Salt-Encrusted Prime Rib Recipe
- 1 box (3 pounds) kosher salt (about 6 cups), divided
- 1 bone-in beef rib roast (6 to 8 pounds)
- 3 tablespoons Worcestershire sauce
- 2 tablespoons cracked black pepper
- 2 teaspoons garlic powder
- 1/2 cup water
- 1. Preheat oven to 450°. Line a shallow roasting pan with heavy-duty foil. Place 3 cups salt on foil, spreading evenly to form a 1/2-in. layer.
- 2. Brush roast with Worcestershire sauce; sprinkle with pepper and garlic powder. Place roast on layer of salt, fat side up. In a small bowl, mix water and remaining salt (mixture should be just moist enough to pack). Beginning at the base of the roast, press salt mixture onto the sides and top of roast.
- 3. Roast 15 minutes. Reduce oven setting to 325°. Roast 2 to 2-1/4 hours or until a thermometer reaches 130° for medium-rare; 145° for medium. (Temperature of roast will continue to rise about 15° upon standing.) Let stand 20 minutes.
- 4. Remove and discard salt crust; brush away any remaining salt. Carve roast into slices. Yield: 10 servings.
5 ounces cooked beef equals 325 calories, 18 g fat (7 g saturated fat), 107 mg cholesterol, 900 mg sodium, 2 g carbohydrate, trace fiber, 37 g protein.
Reviews for Salt-Encrusted Prime Rib
"This is fabulous. Don't be frightened by the amount of salt. It flavors the meat but also holds in the moisture."
"I didn't pay attention to the weight of the roast. I had a roast the thickness of two steaks side by side, which means it was well done by the time I took it out. I should've watched the temperature closer.The point: this recipe is fantastic. Our meat was edible and enjoyable. I will use this recipe again. This is my second attempt at a prime rib and this recipe was perfect."
"This is one of the best recipes I have ever made for meat. My husband was telling me not to do so much salt, BUT I told him I was following the recipe exactly as it says. It was MARVELOUS! Make sure to get all the salt off before cutting and enjoy!"

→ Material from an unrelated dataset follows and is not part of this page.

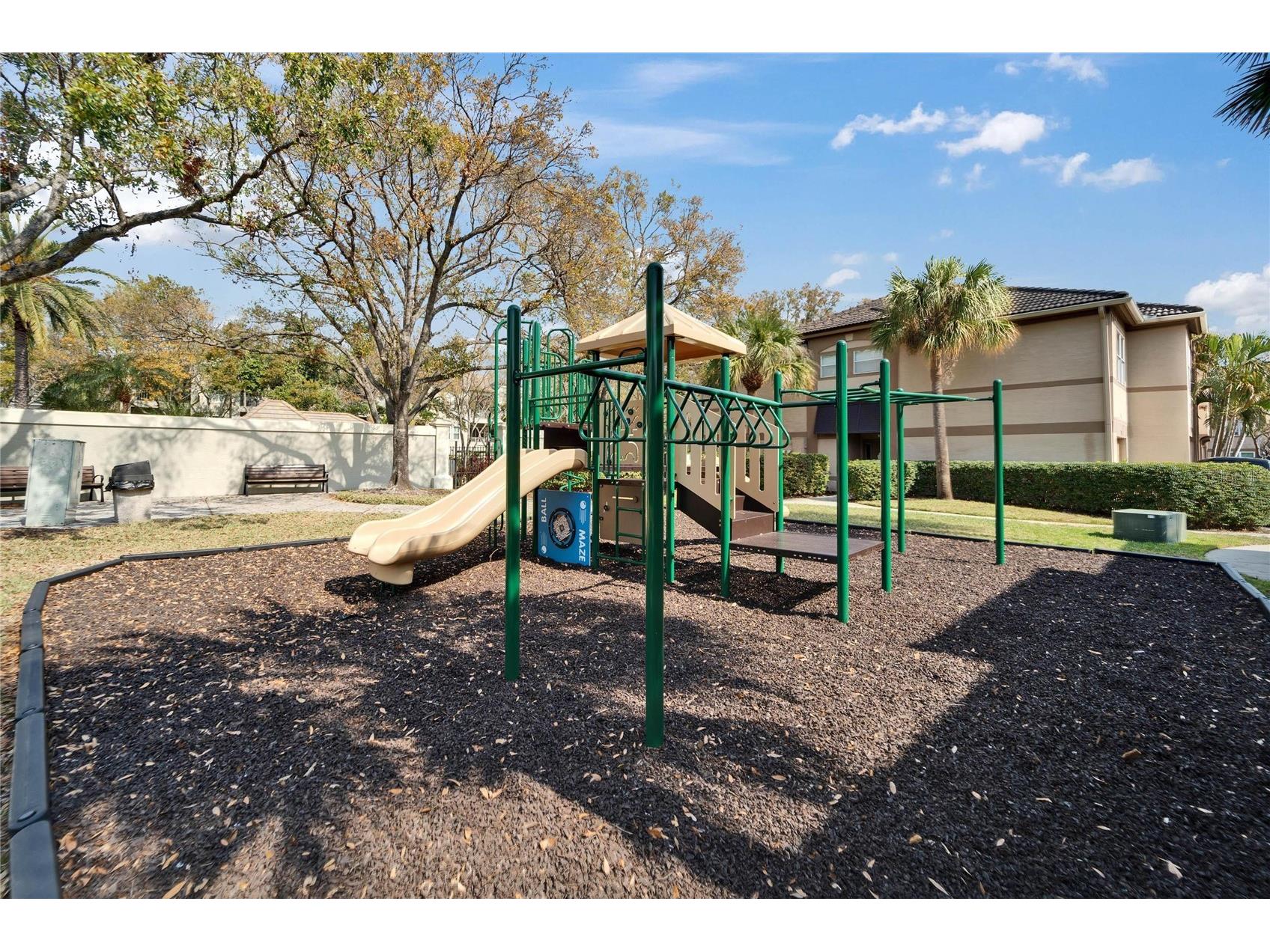845 Normandy Trace Road Tampa FL 33602 TB8526652 image47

"Out. of. this. WORLD! Like another reviewer, was my first attempt at prime rib and couldn't believe how good it was. Husband bragged about it to everyone. :)"
"Salt-Encrusted Prime Rib. I made this for Christmas dinner and it turned out wonderful! The salt made a capsule over the prime rib. It was very tender and juicy. I had a 6lb rib roast. I put it in the oven as suggested at 450, but for 30 min instead of 15 to start. I will use this recipe again and again and again! Thank you for sharing!"
"This was an excellent recipe. This was my first try at prime rib, and a bit of a chance given how costly they are. I looked at several recipes, but choose this one. It should be noted to leave the roast out for 1 hour before putting in the oven - leave in wrap, but allow it to warm toward room temperature. Time will vary, especially depending on your oven, but patience is the key. A slow cook toward your target temp will deliver the greatest reward. The salt crust came off in one piece when I removed it, and there was minimal salt to brush off. I also used rosemary as part of the seasoning, as well as in the salt mix that was applied to the roast. The result was a prime rib better than any I had ever ordered! Many thanks, Roger, for sharing this wonderful recipe."
"My,oh, my! This brought my cooking to a whole new level. It was probably the fanciest (and most expensive) piece of meat I have ever cooked. The flavor was amazing and it didn't need seasoning at the table. It was easy to follow the recipe. I did find that my cooking time was slightly longer, as my meat was closer to 8 pounds than to 6."
"INSANELY DELICIOUS! This is the third time I've attempted prime rib, and the previous attempts were tragic failures. Not this one. It turned out beautifully seasoned, and perfectly cooked. I will go back to this recipe time and time again. It's a winner!"
Light-Bodied Red Wine
Enjoy this recipe with a light-bodied red wine such as Pinot Noir.